Dit onderzoek is mede mogelijk gemaakt dankzij een subsidie in het kader van het MIT-R&D samenwerkingsproject binnen het cluster Watertechnologie van de Topsector Water. De suggesties en assistentie van Koen Hilgersom en Olivier Hoes bij het project, met name bij het lassen van de glasvezelkabels, worden zeer gewaardeerd.
Literatuur
- Anderson, M. (2005). Heat as a Groundwater Tracer. Ground Water 43(6), 951-968.
- Peters, J.H., van Dalfsen, W., Steinmetz, J.J (1984). Temperatuurmetingen bruikbaar bij onderzoek naar verbreiding van infiltratiewater uit persputten. H2O 17-4, 68-72.

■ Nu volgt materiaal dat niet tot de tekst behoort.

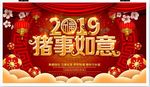 2019猪事如意猪年海报设计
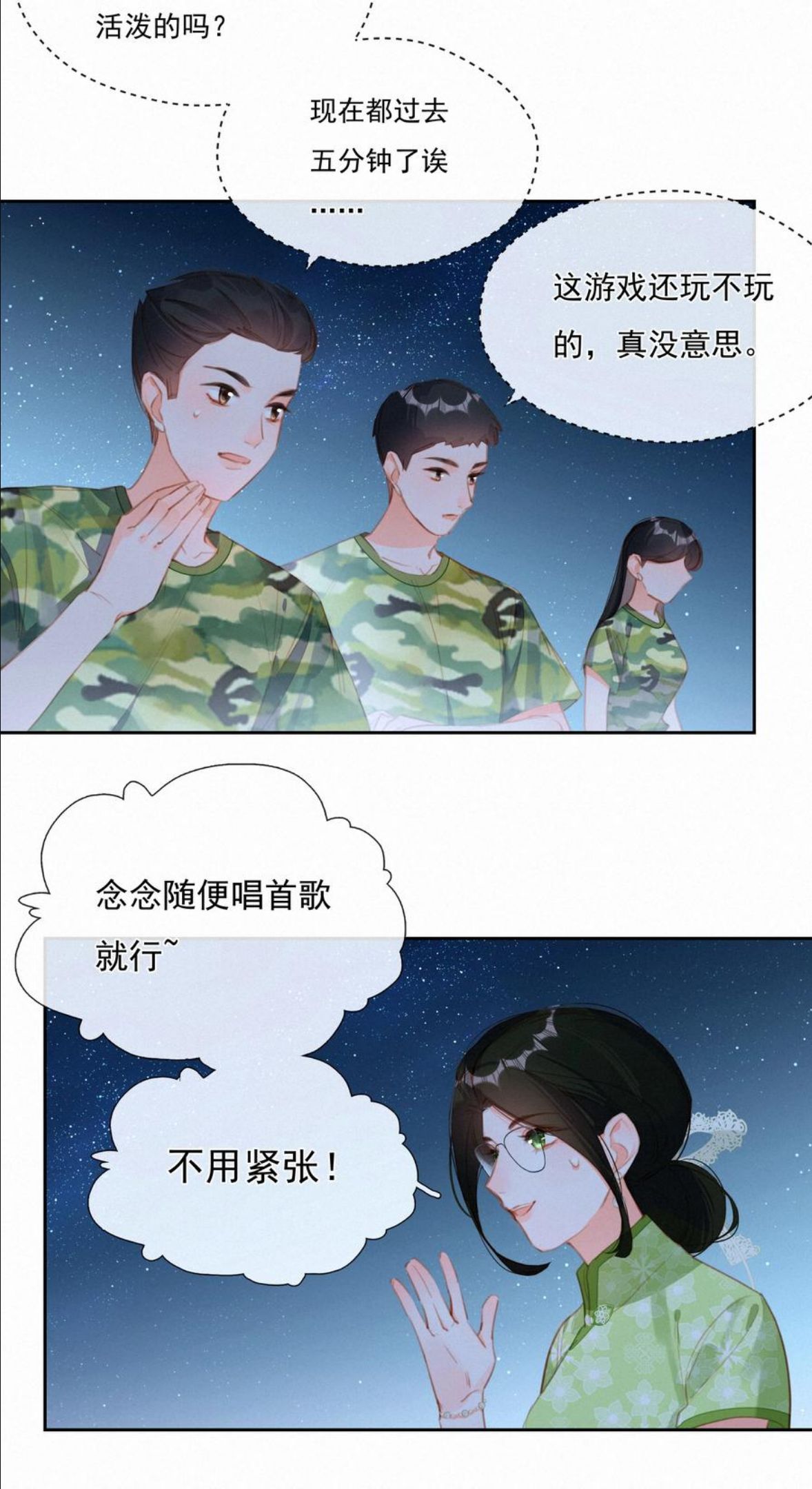 致特别的你漫画,030 眷恋你的温柔26图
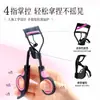 Conjunto de Curvex para Cílios Transfronteiriço Nilan Ferramentas de Beleza Multifuncionais Conjunto de Cílios Pente para Cílios Postiços Curvex para Cílios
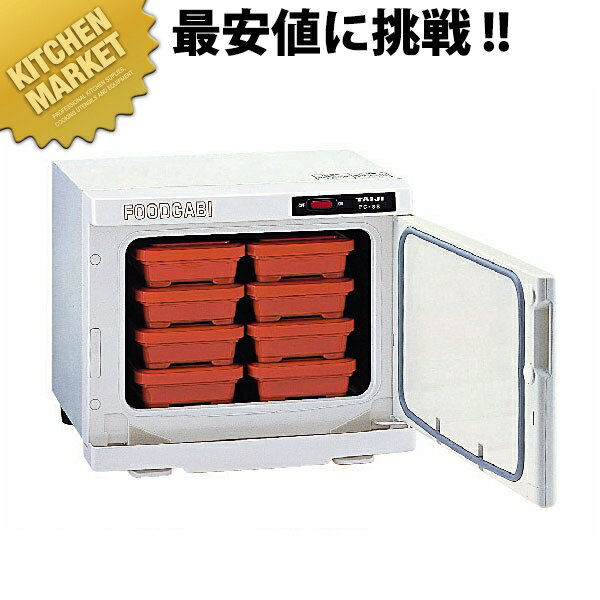タイジ 温蔵庫 フードキャビ FC-8S（弁当箱8個）【運賃別途】 【kmss】 温蔵庫 お弁当 保温ケース ウォ..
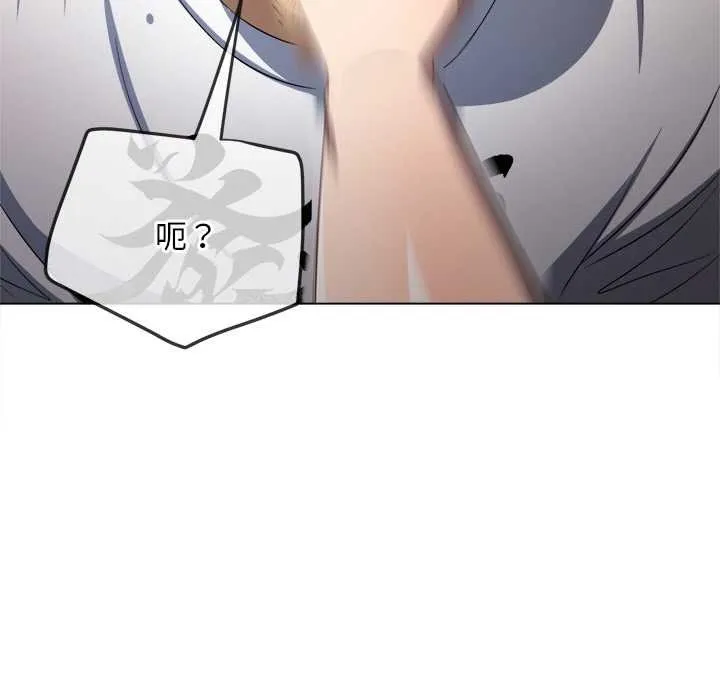 難纏小惡女第279話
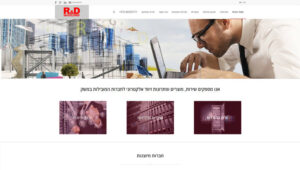 רם מחקר ופיתוח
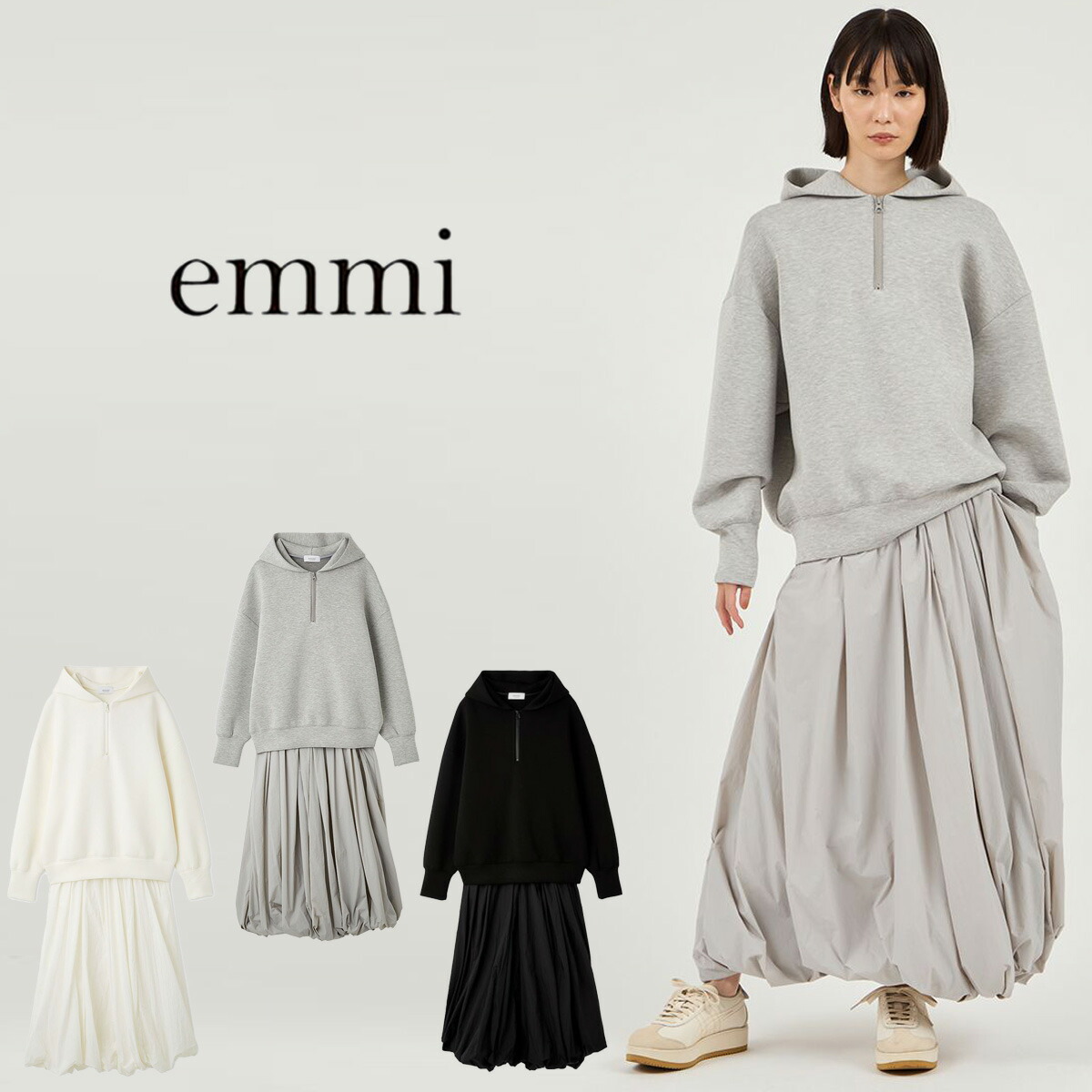 (もうすぐ終了お買い物マラソン)エミ ウェア emmi (NEW YEAR'S SPECIAL ITEM)ダンボールフーディ×スカートセット 13wfo261009 レディース パーカー 上下セット セレクト雑貨ムー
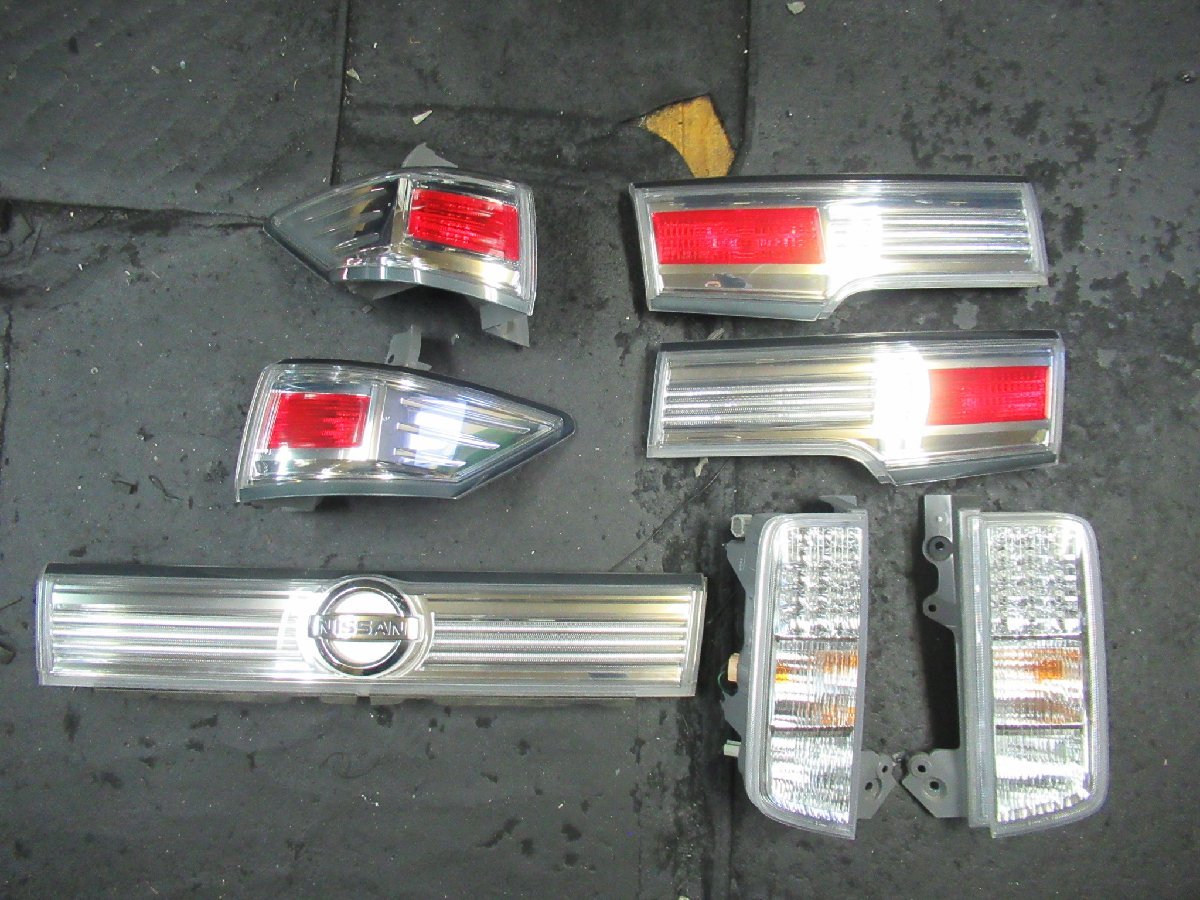 エルグランド テールランプフィニッシャーガーニッシュP8959 P8504 A02022-P) エルグランド (TE52) テールランプ セット フィニッシャー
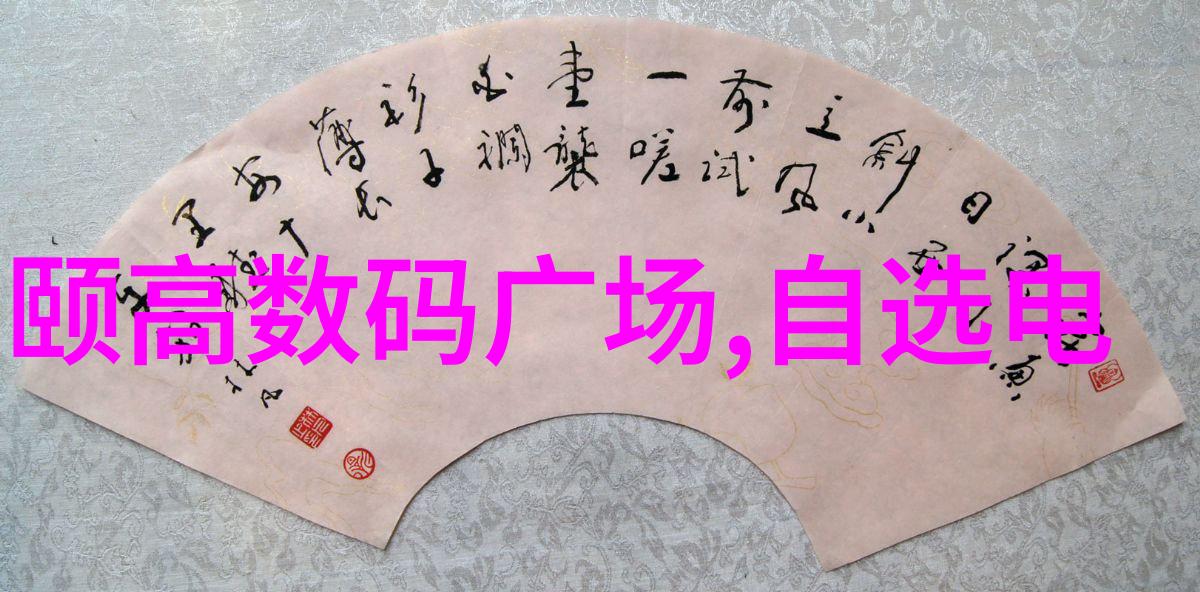 轮胎选择指南性能耐用性与节能考量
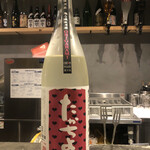 大衆酒場 モツレ - 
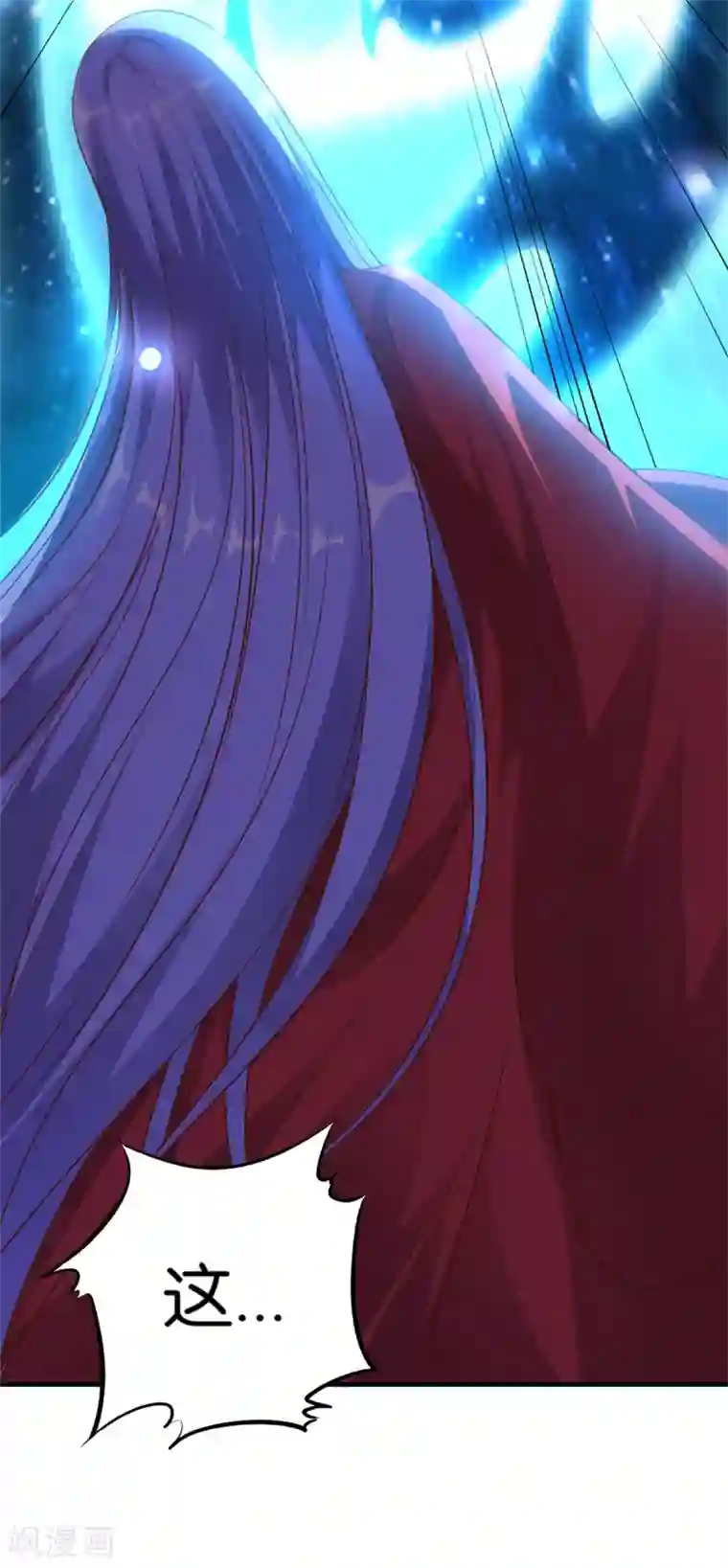 伏天圣主第9话 遁地术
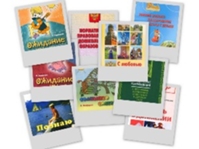 http://*****/volshebnaya_shkatulka/katalolg_pedagogicheskih_zhurnalov/p14_collage.jpg?rand=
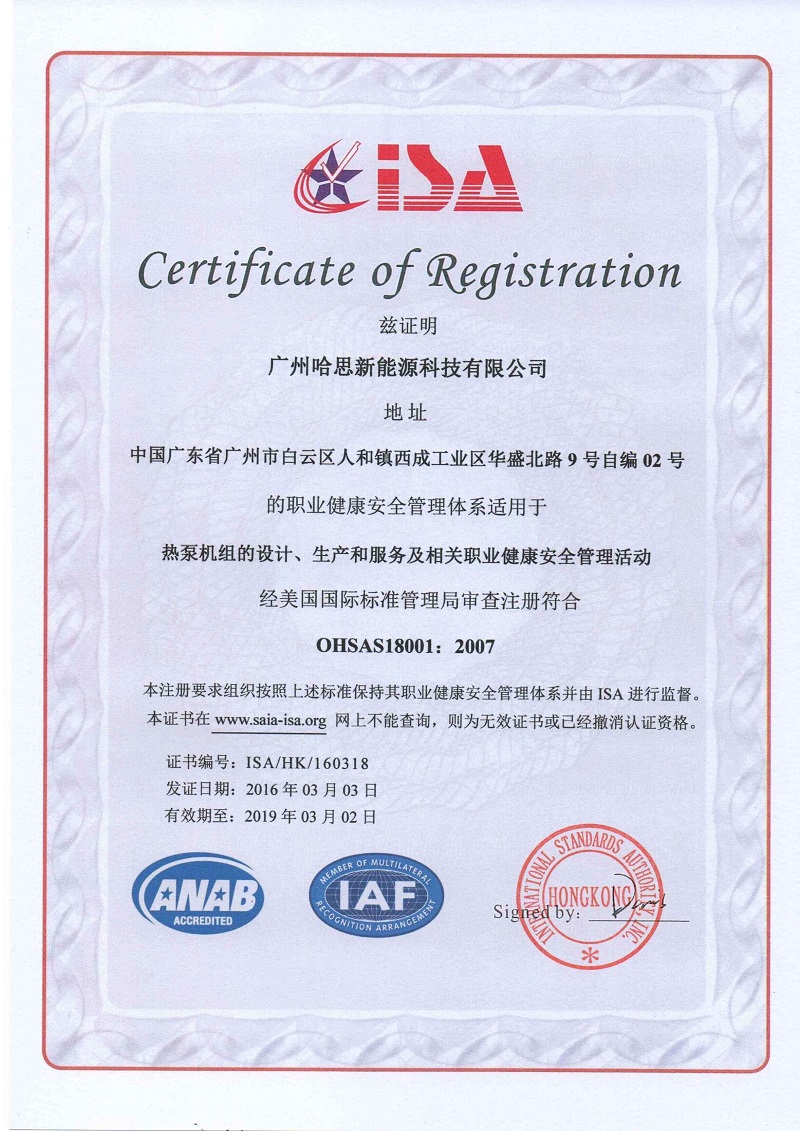 《中国**受消费者喜爱**》 《中国**受消费者喜爱**》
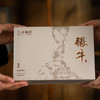 大坑口 牛栏坑肉桂|非遗传承人出品，真正牛栏坑肉桂，茶中茅台飞天 商品缩略图1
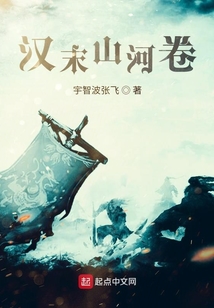 漢末山河卷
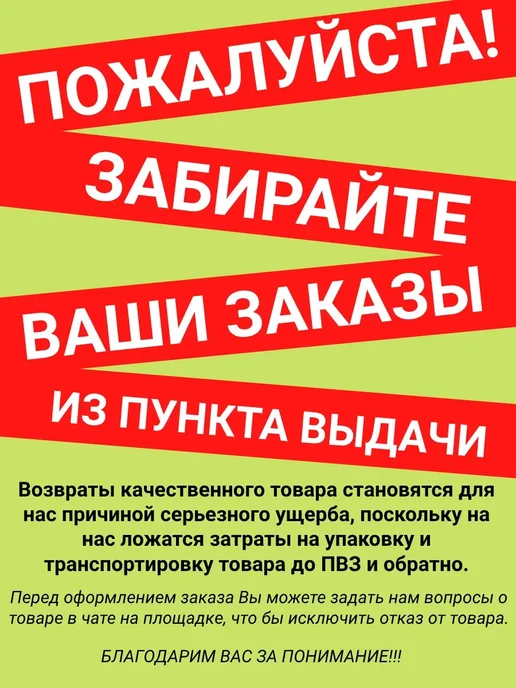 BORGES Уксус из красного вина с чесноком, 250мл, 250 мл, фото 5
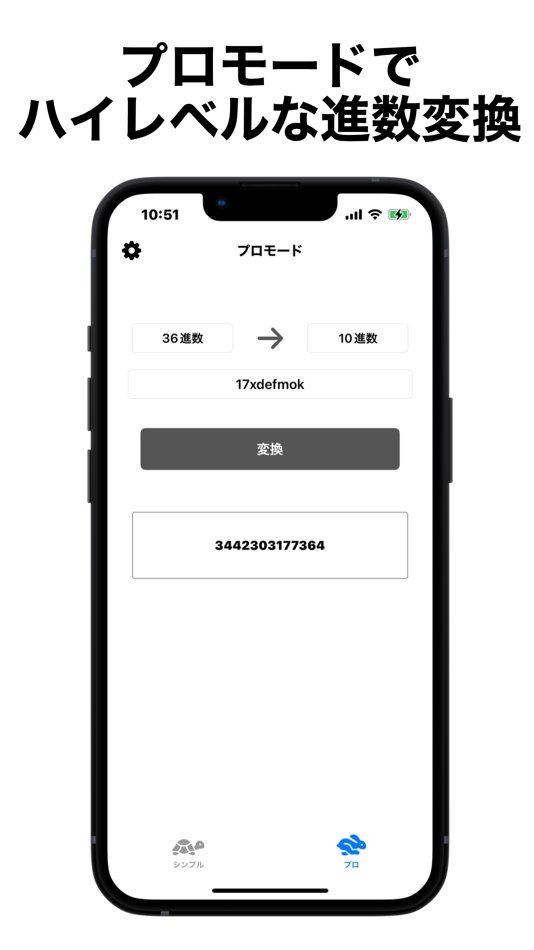 #2. 進数の変換 (iOS) 由: Kota Maeda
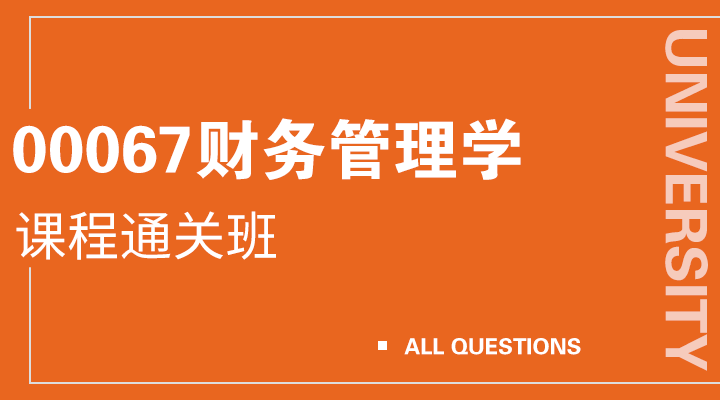 00067 财务管理学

- Selker, J. S., L. Thevenaz, H. Huwald, A. Mallet, W. Luxemburg, N. van de Giesen, M. Stejskal, J. Zeman, M. Westhoff, and M. B. Parlange (2006), Distributed fiber-optic temperature sensing for hydrologic systems, Water Resour. Res., 42
- Doornenbal, P., Sommer, W., Dionisio Pires, M., Mesdag, C., Pothof, I. (2014). Stroomsnelheid bepalen door temperatuurmetingen met opwarmglasvezelkabels. H20-online 1-7.
- Becker M.W., Bauer, B., Hutchinson, A. (2013). Measuring Artificial Recharge with Fiber Optic Distributed Temperature Sensing. Groundwater 51(5), 670-678.
- Liu, G., Knobbe, S., Butler Jr., J. J. (2013). Resolving centimeter-scale flows in aquifers and their hydrostratigraphic controls. Geophysical Research Letters 40, 1098–1103.